Leave out the pictures and print precisely the lines from the line with "Apartment mieten in Wiesbaden, Kohlheck" to the final line of the entries, both ends included.

(Image-caption web data)

::::::::

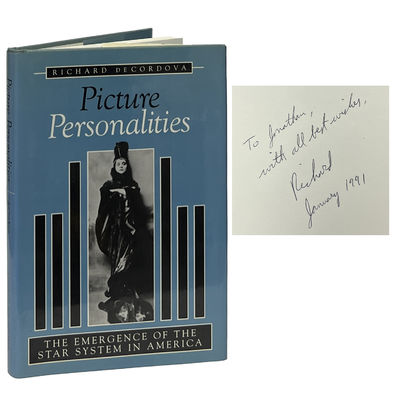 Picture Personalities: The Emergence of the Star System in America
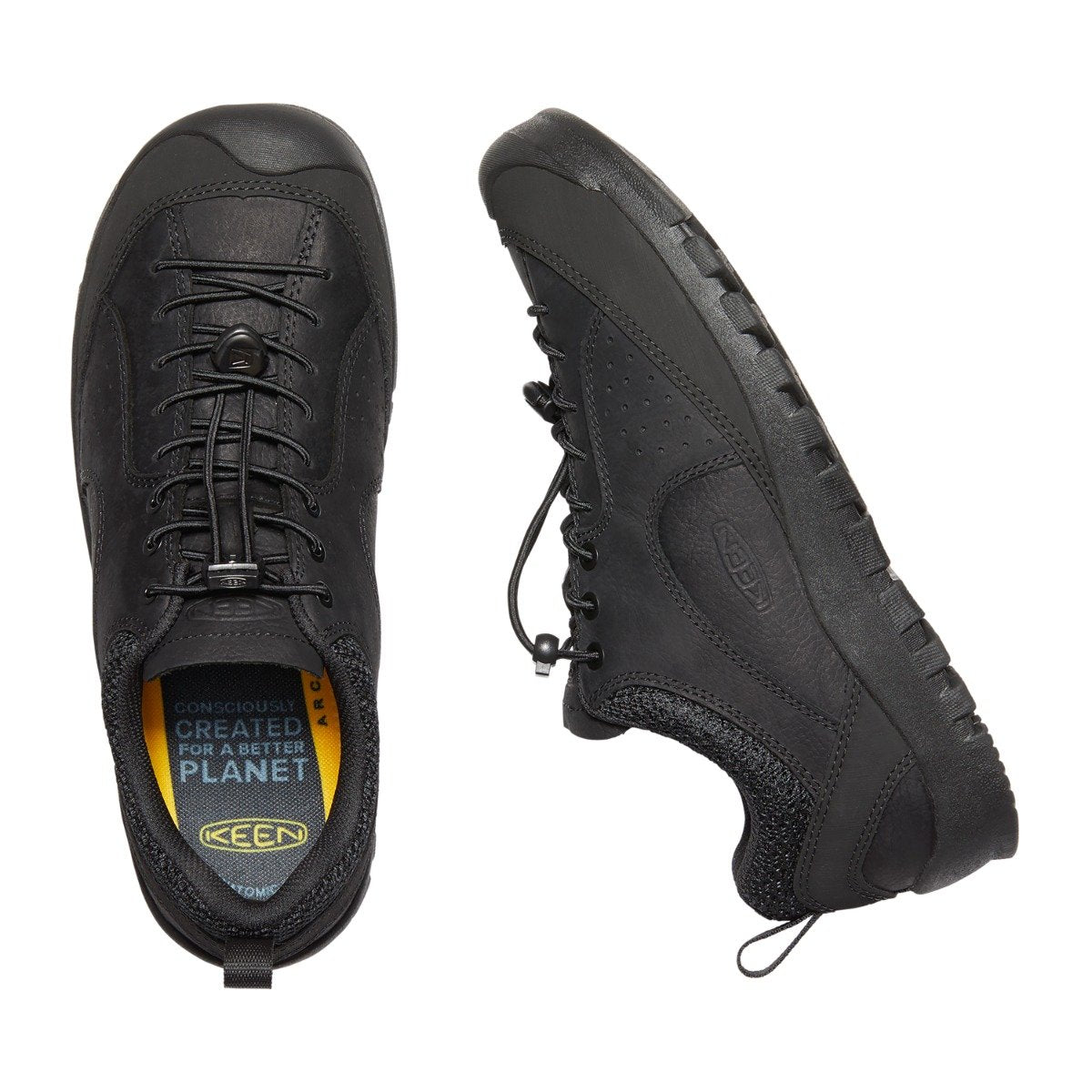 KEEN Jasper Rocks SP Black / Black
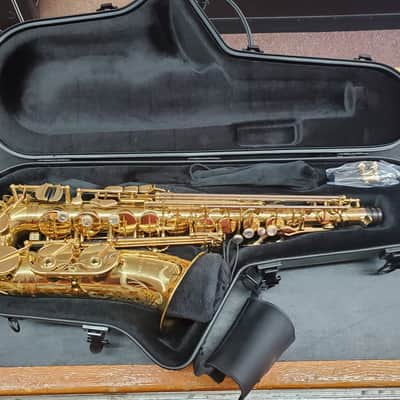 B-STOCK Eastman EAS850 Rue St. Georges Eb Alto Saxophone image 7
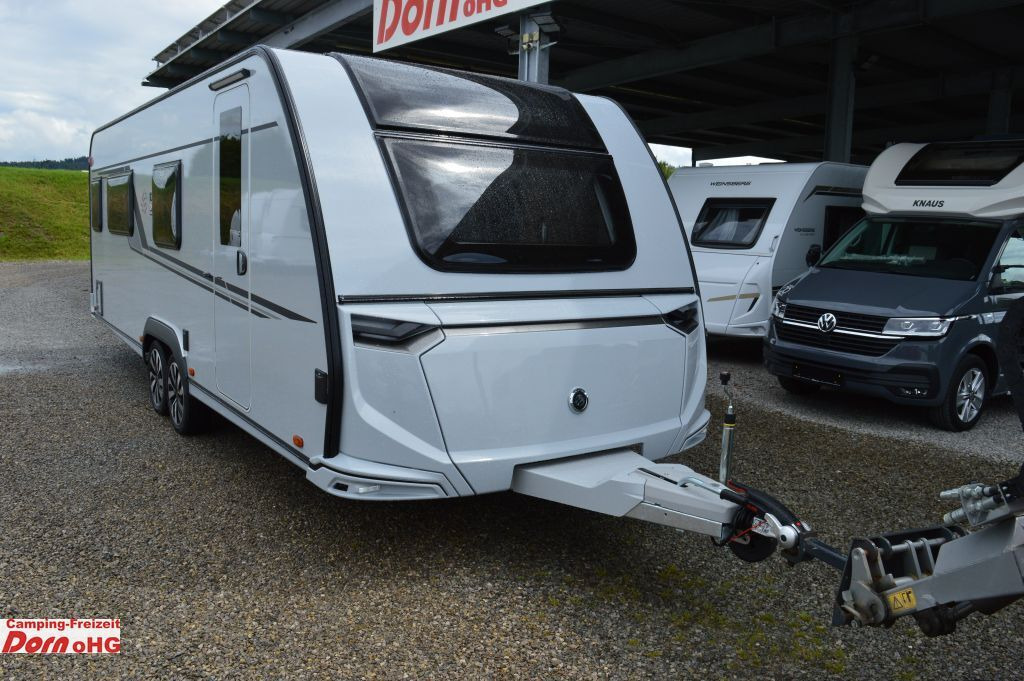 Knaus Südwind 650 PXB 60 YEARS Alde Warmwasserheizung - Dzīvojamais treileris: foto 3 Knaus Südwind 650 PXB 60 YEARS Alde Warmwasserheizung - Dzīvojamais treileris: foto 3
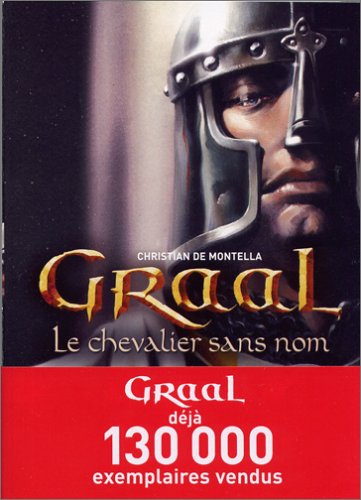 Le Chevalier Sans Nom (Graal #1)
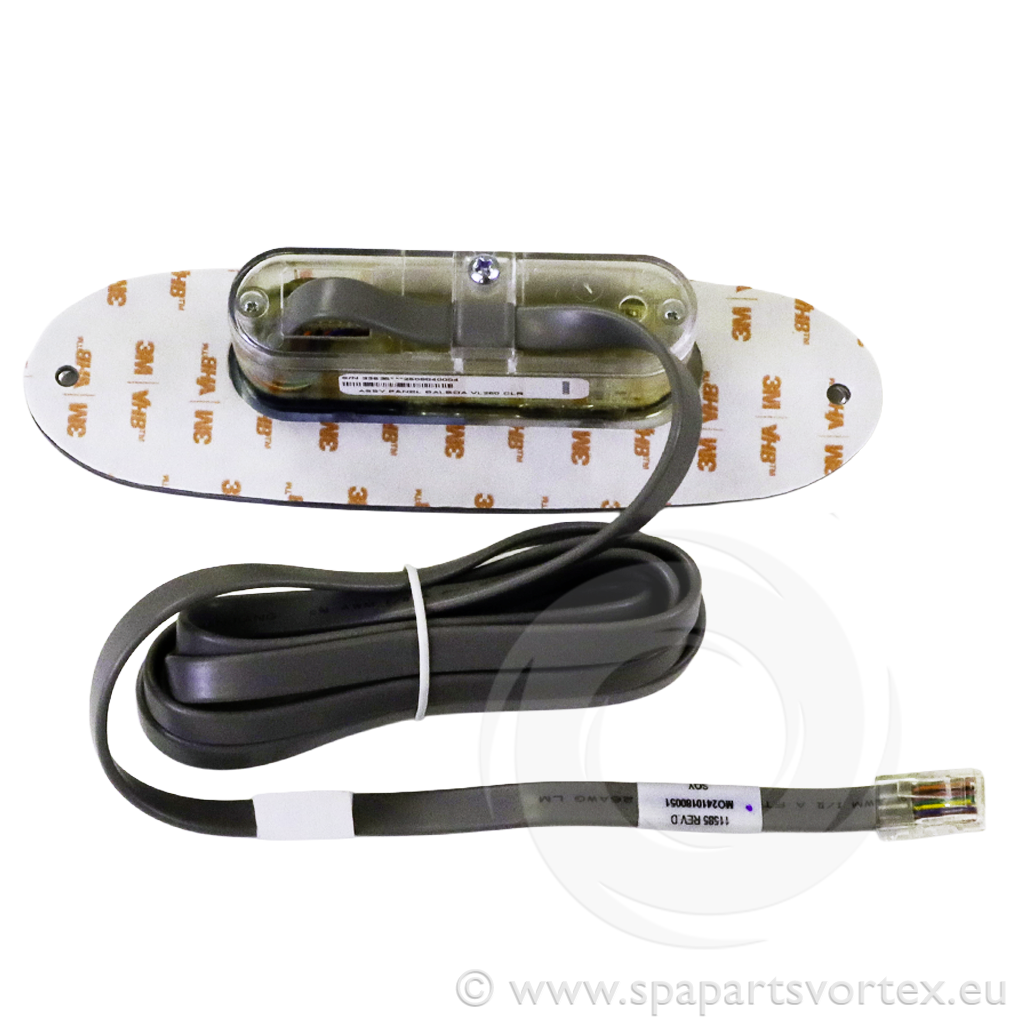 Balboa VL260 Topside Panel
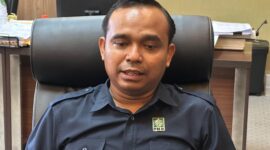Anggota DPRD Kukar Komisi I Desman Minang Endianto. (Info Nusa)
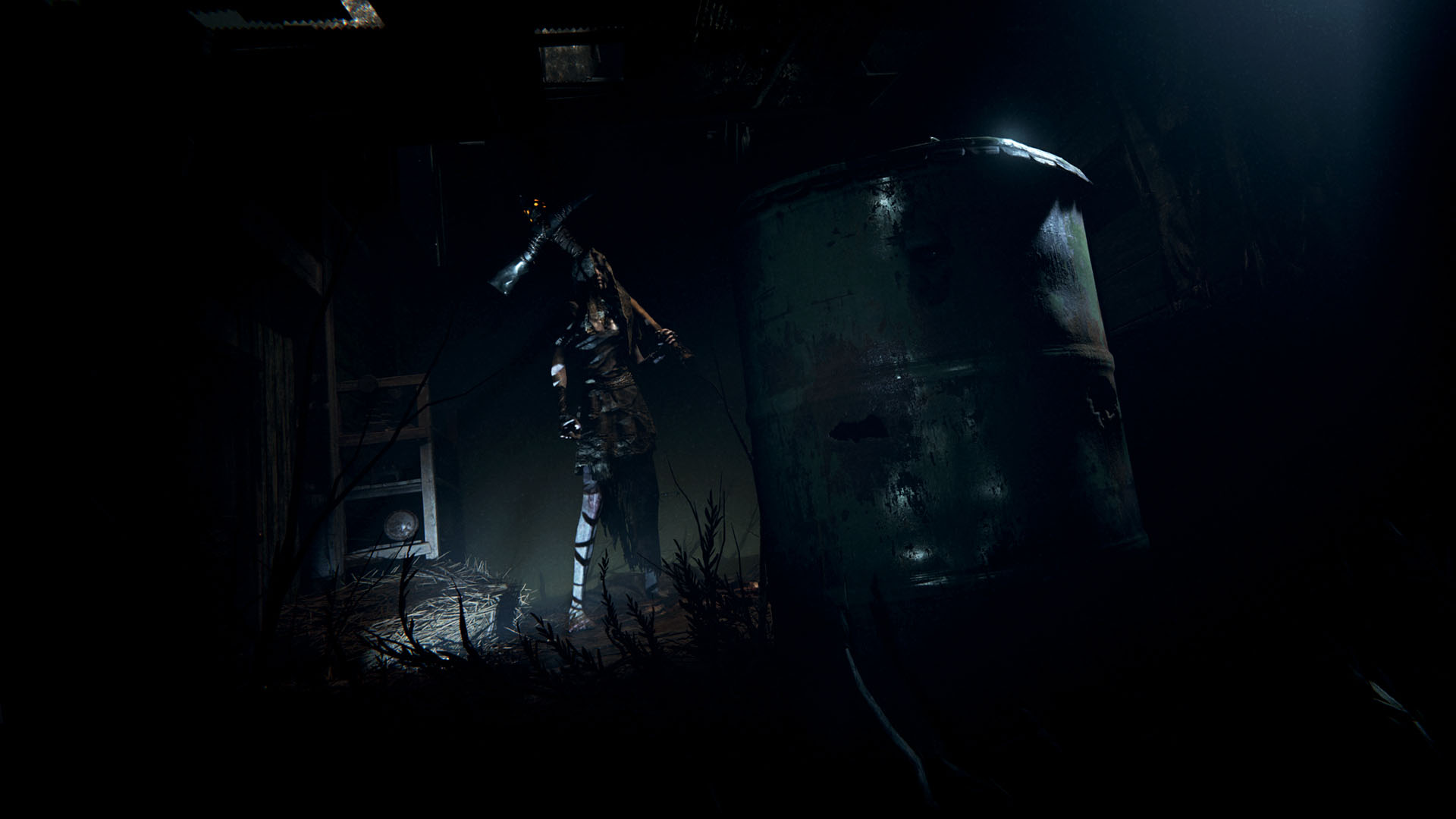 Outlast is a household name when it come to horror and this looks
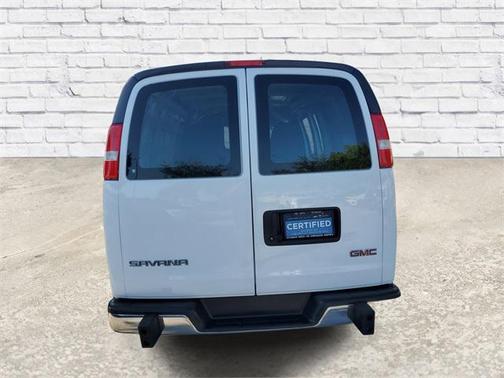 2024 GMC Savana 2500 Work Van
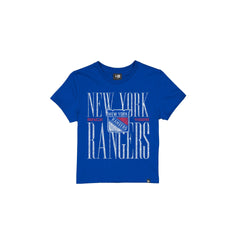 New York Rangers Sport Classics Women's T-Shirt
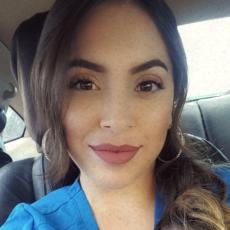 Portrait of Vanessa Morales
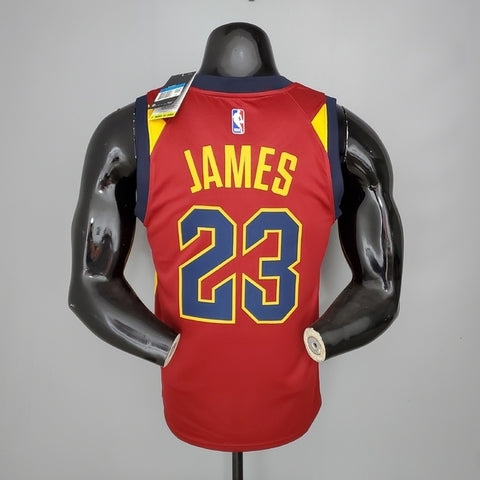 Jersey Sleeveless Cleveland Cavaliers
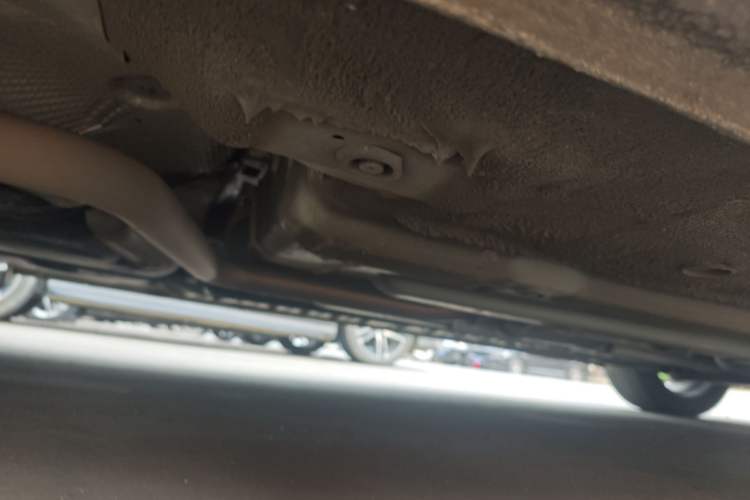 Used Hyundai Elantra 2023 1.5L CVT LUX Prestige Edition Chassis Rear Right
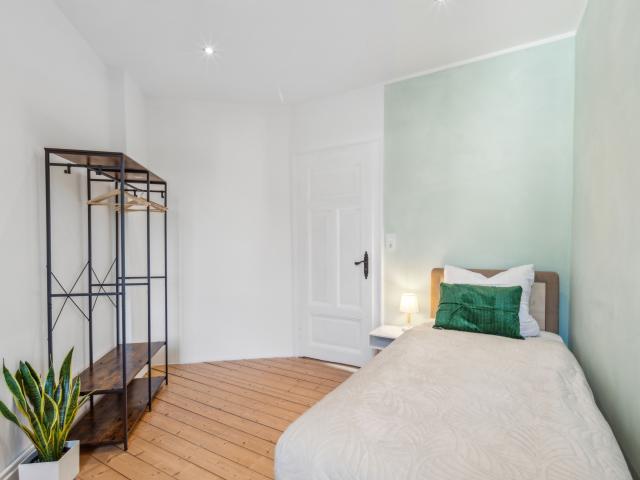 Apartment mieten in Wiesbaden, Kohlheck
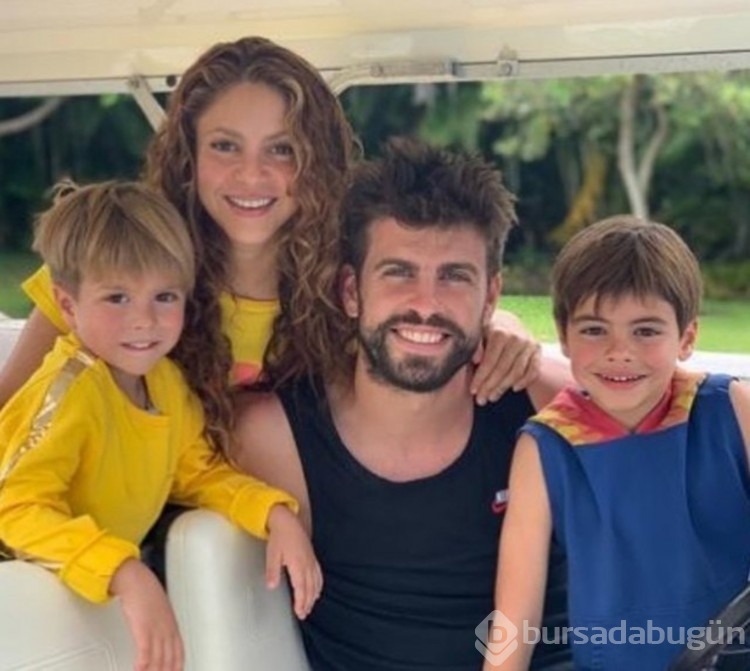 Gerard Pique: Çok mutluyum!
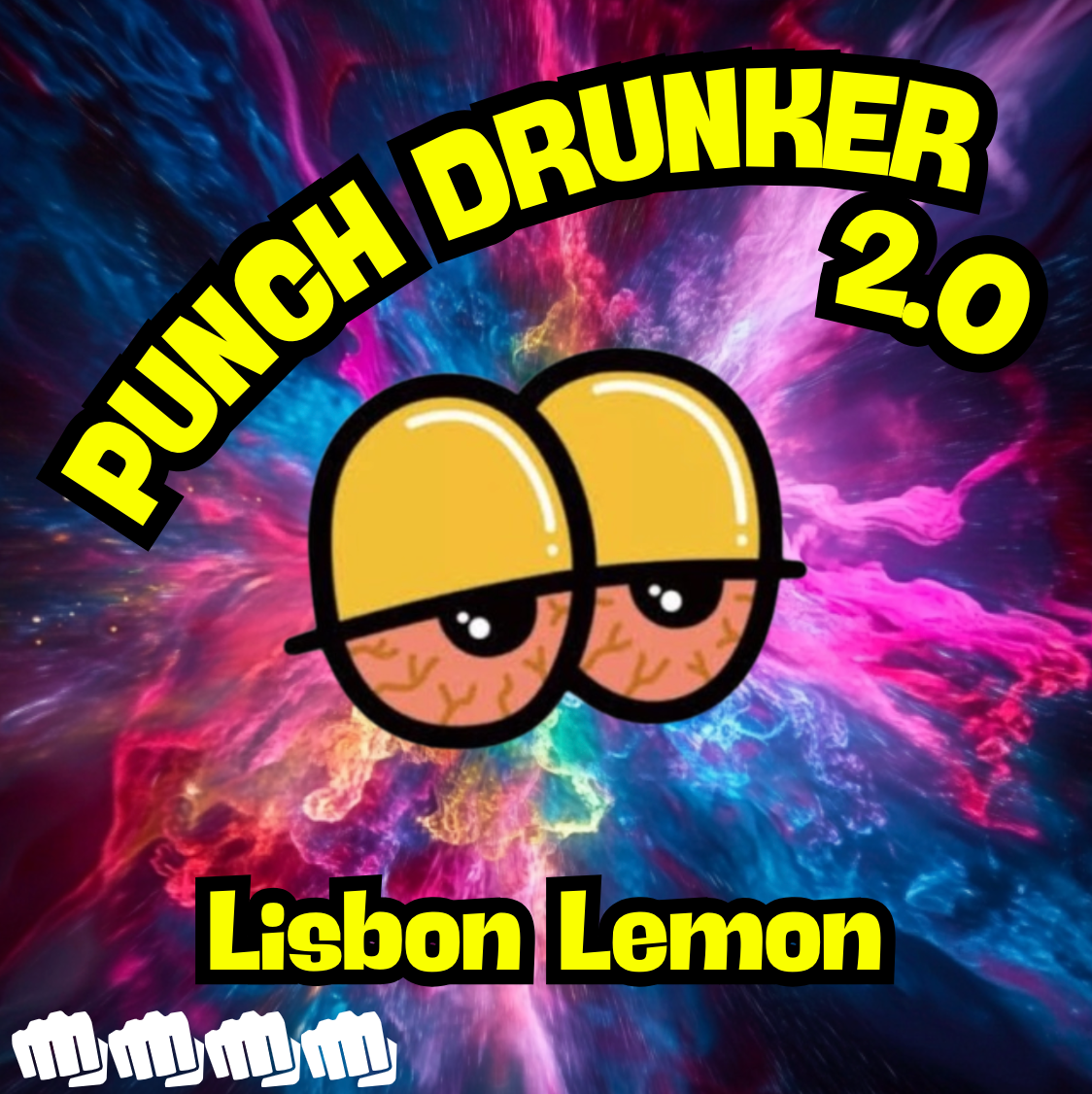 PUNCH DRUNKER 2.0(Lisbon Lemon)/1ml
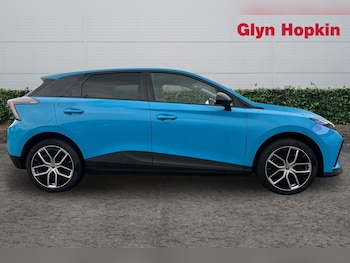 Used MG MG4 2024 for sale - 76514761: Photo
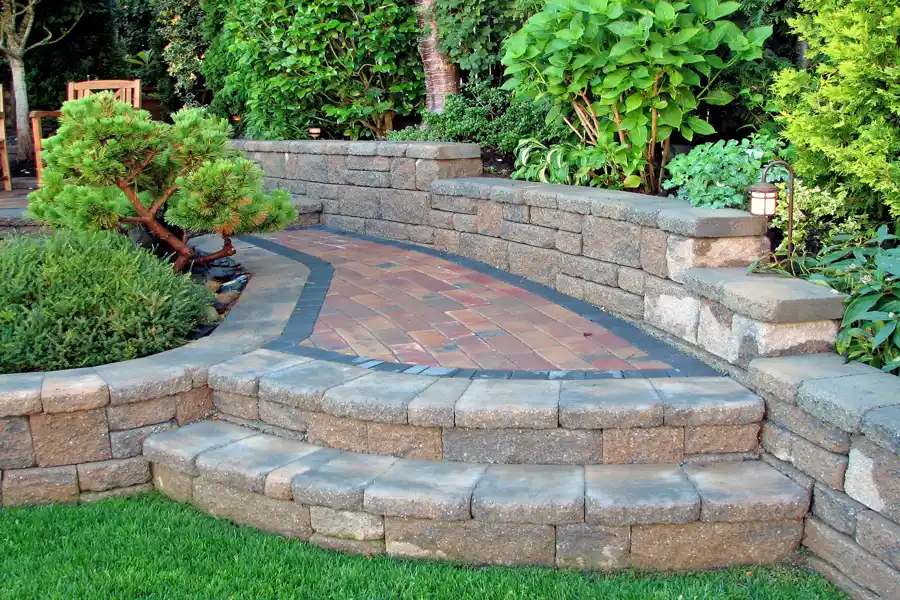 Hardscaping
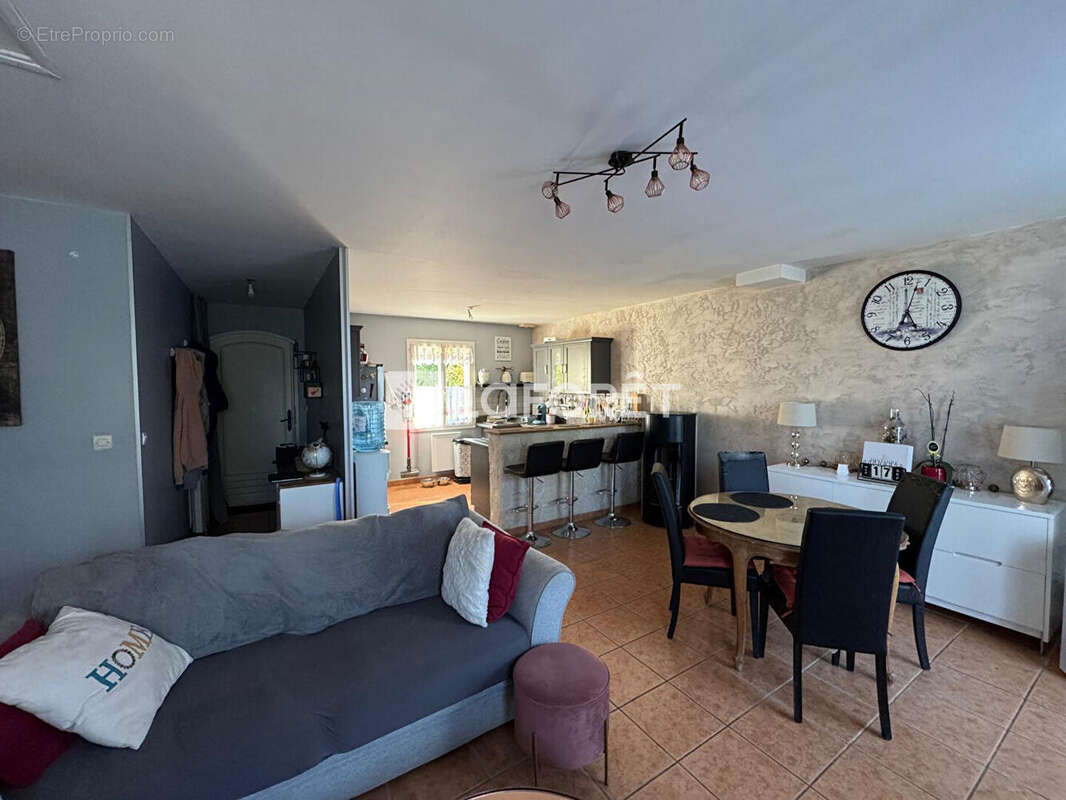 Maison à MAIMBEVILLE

::::::::

- **Written answer**:
 Apartment mieten in Wiesbaden, Kohlheck
 Gerard Pique: Çok mutluyum!
 PUNCH DRUNKER 2.0(Lisbon Lemon)/1ml
 Used MG MG4 2024 for sale - 76514761: Photo
 Hardscaping
 Maison à MAIMBEVILLE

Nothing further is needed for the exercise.